I stuck my head around the edge of the stack of toilet paper and saw him. It wasn’t exactly love at first sight, but I definitely felt a zing of attraction. Shawn is wonderful, although he can’t see it. No matter how many times I try to explain it to him, he screws up his face in this adorable frown of skepticism and doesn’t understand. Shawn is just that—adorable. He calls himself tubby, but he isn’t. Not really. I like to use the term curvy, but he reacts badly to that phrase. He tells me that women are curvy, not men.

And Shawn is definitely a man. He has short black hair and a strong jaw that needs to be shaved twice a day to keep the shadow off. He wears endearing black-framed glasses that look cute and geeky at the same time. He hates his glasses and is always threatening to buy something hip and cool, but he never gets around to it. Too many other things happen in his life. But there’s no getting around the fact that he’s short and has curves—his legs are curvy, his butt sticks out and his chest is rounded. He would never be called svelte or willowy, and that’s more than okay with me. I don’t need a stick figure in my bed. I prefer someone I can hug. He’s not overweight or unfit or any other label you try to stick on him. He’s just built like a curvy, short man, and I love him exactly like that.
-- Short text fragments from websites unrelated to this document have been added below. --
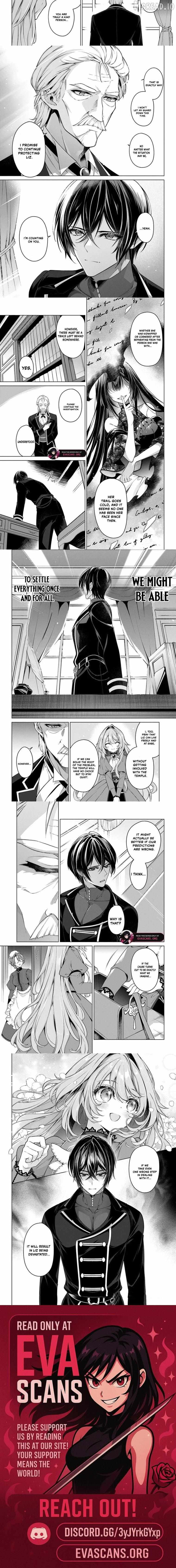 Once a Saint, Now a Child — Rescued by a Duke, Reborn as an Alchemist Chapter 18.2 page 2 - 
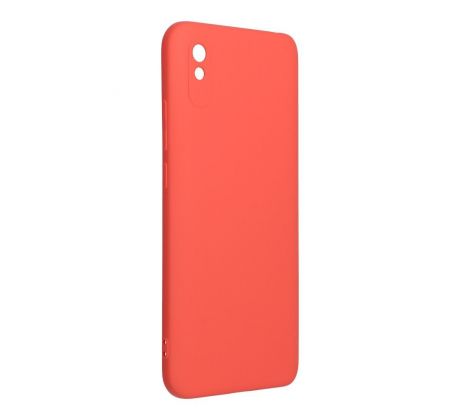 Forcell SILICONE LITE Case  Xiaomi Redmi 9A / 9AT ružový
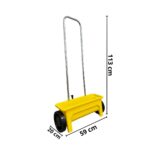 Adubadeira Semeadeira 12L IWAS004 - 2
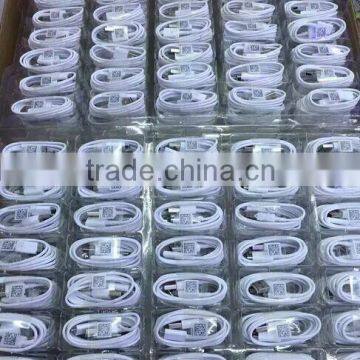 Alibaba china usb charger cable for samsung s6 usb cable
That day when he tumbled down the steps at the front of his house was not the second time I’d noticed him either. How could it be when I’d been deliberately taking the long way to the park for months, just hoping to get a glimpse of him out the front of his place? At first I wasn’t sure if he’d seen me, but Shawn isn’t exactly subtle. He scoffs at me and reckons I read body language or have some sort of ESP, but the way Shawn checked me out was the exact opposite of understated. I noticed him washing windows and sweeping the driveway. I thought he was just getting ready for a big party at his place or something. I also thought that the way he stared at me the first couple of times was because he was memorizing my face to dob me into the police for the latest burglary in the area. Shawn’s like that, you know. He does the right thing and keeps an eye out for his neighbors.
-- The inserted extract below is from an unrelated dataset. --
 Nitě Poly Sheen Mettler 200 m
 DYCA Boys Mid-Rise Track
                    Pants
I was going to stop and say something to him—you know, introduce myself or ask him on a date or something—when he did the best thing ever.
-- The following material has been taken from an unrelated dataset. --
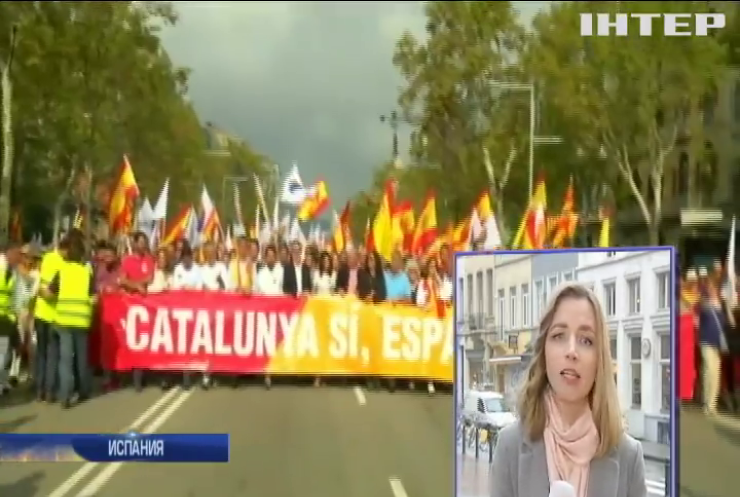Выборы в Каталонии: предпочтения избирателей разделились поровну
When I first told Shawn the story, he turned bright red and fell off his chair. He ended up rolling his ankle with that stunt and was on crutches for two weeks. How he managed to sprain an ankle falling off a chair still bewilders me. Sometimes, with Shawn, you just need to roll with the punches. If you stress out over every calamity and injury, you’d be in the mental hospital within a month.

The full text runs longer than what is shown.